Song
- Published: 1820
- Genre: political satire
- Songwriter: unknown

= Trágala =

Song

Trágala (Spanish: "swallow it") is a song the Spanish liberals used to humiliate the absolutists after the military pronunciamiento of Rafael del Riego in Cabezas de San Juan, at the beginning of the period known as Trienio Liberal (1820-1823).

Particularly the satire is directed against Ferdinand VII, who in 1820 was forced to swear the Constitution of Cádiz when he pronounced his famous phrase "Let us march frankly, and I the first, by the constitutional path". It is said that Rafael de Riego himself ordered, upon entering Madrid, for this composition to be spread. After the intervention of the powers of the Holy Alliance (French expedition of the Hundred Thousand Sons of Saint Louis commanded by the Duke of Angoulême), it became a symbol of resistance against the political repression of the Ominous Decade.

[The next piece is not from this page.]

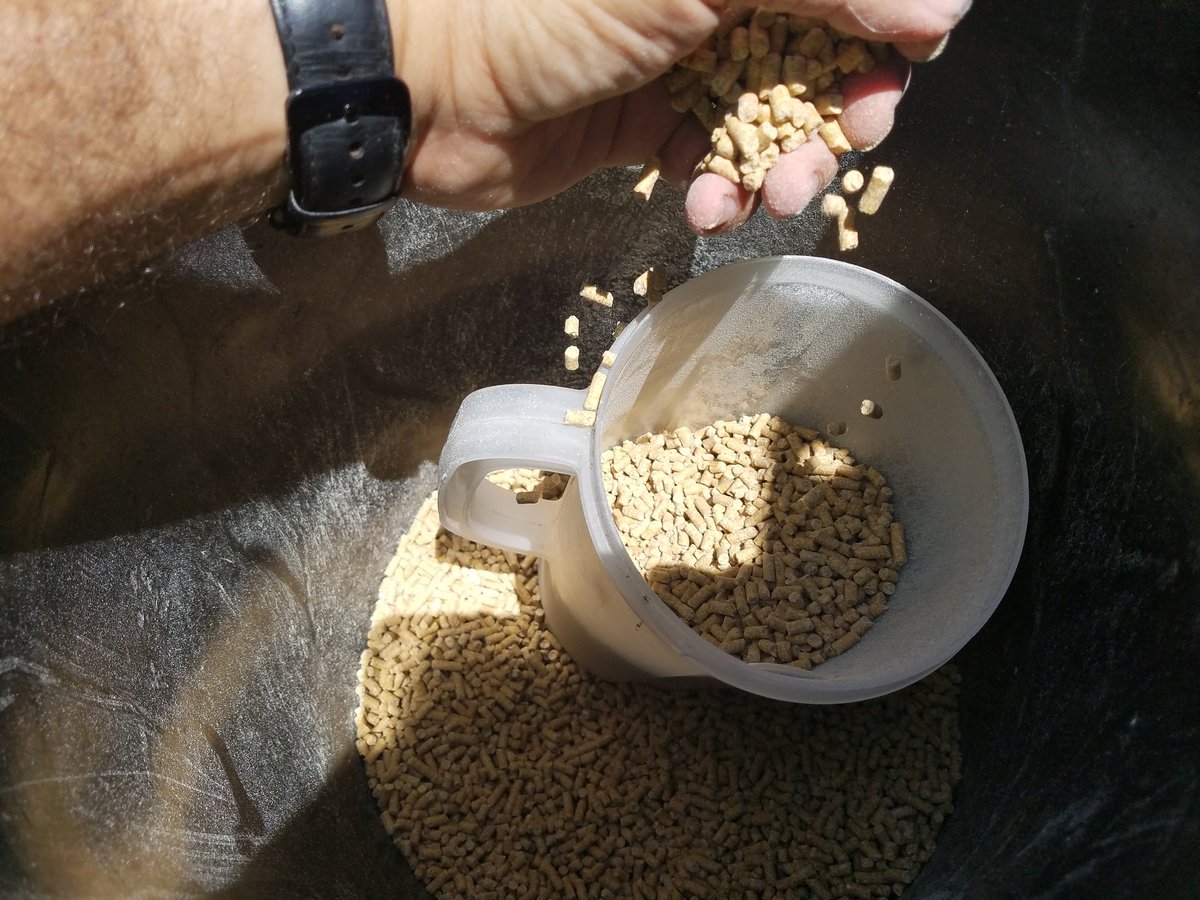 Patton Eco Team tweet media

It is probably modelled after other songs of the French Revolution such as Ça Ira.

This song, with different lyrics, continued to be sung in Spain as a leftist symbol against the right, the Catholic Church or the monarchy in different historical conjunctures, notably during the Second Republic and the Spanish Civil War. There were many versions of the anonymous and popular lyrics.

La Pitita is counter song, sung by supporters of Ferdinand VII.